Prompt 1: Design Your SDK Structure

I'm building an SDK for an AI agent API with these endpoints:
- POST /chat (create chat completion)
- GET /chat/:id (get chat by ID)
- POST /files (upload file)
- GET /files (list files)
- DELETE /files/:id (delete file)
- POST /threads (create thread)
- POST /threads/:id/messages (add message to thread)

Help me design the resource class structure following the namespaced
pattern. Show me the TypeScript interfaces for the SDK facade and
how users would call each endpoint (sdk.resource.method() style).

What you're learning: How to translate REST API structure into SDK organization. You'll see how resource grouping creates discoverability and how nested resources handle hierarchical endpoints.

Prompt 2: Eliminate any From Existing Code

I have this SDK code that uses 'any' in several places:

async function apiRequest(path: string, options: any): Promise<any> {
const response = await fetch(path, options);
return response.json();
}

function handleResponse(data: any) {
if (data.error) {
throw new Error(data.error.message);
}
return data.result;
}

Help me refactor this to be fully type-safe using generics.
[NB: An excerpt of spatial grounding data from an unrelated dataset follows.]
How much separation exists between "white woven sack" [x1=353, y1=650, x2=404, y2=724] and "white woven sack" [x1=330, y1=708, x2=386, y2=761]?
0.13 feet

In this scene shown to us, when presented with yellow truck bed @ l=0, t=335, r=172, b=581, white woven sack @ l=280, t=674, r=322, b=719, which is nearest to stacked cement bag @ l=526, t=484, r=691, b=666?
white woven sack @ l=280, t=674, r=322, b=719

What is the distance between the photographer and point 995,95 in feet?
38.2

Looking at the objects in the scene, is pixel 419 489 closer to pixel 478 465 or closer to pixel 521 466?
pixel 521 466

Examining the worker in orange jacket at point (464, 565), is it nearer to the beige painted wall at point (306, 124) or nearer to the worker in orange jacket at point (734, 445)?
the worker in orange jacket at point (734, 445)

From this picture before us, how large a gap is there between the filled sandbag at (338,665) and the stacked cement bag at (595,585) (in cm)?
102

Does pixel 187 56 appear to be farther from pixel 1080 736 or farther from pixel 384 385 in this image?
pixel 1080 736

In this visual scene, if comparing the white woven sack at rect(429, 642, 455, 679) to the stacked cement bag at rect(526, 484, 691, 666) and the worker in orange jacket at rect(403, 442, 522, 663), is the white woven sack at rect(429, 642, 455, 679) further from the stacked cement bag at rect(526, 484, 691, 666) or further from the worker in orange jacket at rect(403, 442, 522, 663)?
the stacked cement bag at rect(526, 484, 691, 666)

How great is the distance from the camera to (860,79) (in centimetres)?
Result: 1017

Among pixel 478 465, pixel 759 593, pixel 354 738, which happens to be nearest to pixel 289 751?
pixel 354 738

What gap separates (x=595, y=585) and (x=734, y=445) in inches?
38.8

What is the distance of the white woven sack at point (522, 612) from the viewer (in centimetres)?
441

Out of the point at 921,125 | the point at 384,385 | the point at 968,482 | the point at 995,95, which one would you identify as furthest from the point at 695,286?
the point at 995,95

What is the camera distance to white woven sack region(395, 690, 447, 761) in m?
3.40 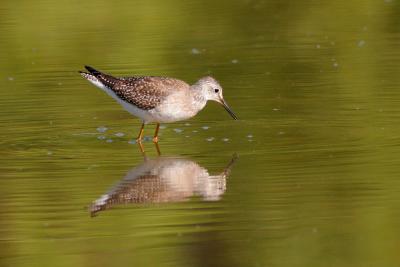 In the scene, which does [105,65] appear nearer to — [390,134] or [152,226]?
[390,134]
Show me
the before/after comparison and explain what type safety I gain.

What you're learning: Practical techniques for replacing any with generics. You'll understand how generic constraints flow through function calls and why this matters for SDK consumers.

Prompt 3: Cross-Runtime Testing Strategy

My SDK needs to work in Node.js 18+, Deno, Bun, and browsers. I want
to write tests that verify cross-runtime compatibility without
actually running in each environment.

Help me design a testing strategy that:
1. Mocks fetch for unit tests
2. Tests runtime detection logic
3. Verifies streaming works with standard APIs

Show me the test structure and key test cases.

What you're learning: How to ensure cross-runtime compatibility through testing. You'll see how dependency injection enables testing and what edge cases matter most for runtime differences.

Safety Note

When building SDKs that handle API keys, never log request bodies or headers in production. The centralized HTTP client pattern makes this easy to control, but you must be intentional about what gets logged during debugging. Consider using a debug mode that only activates in development environments.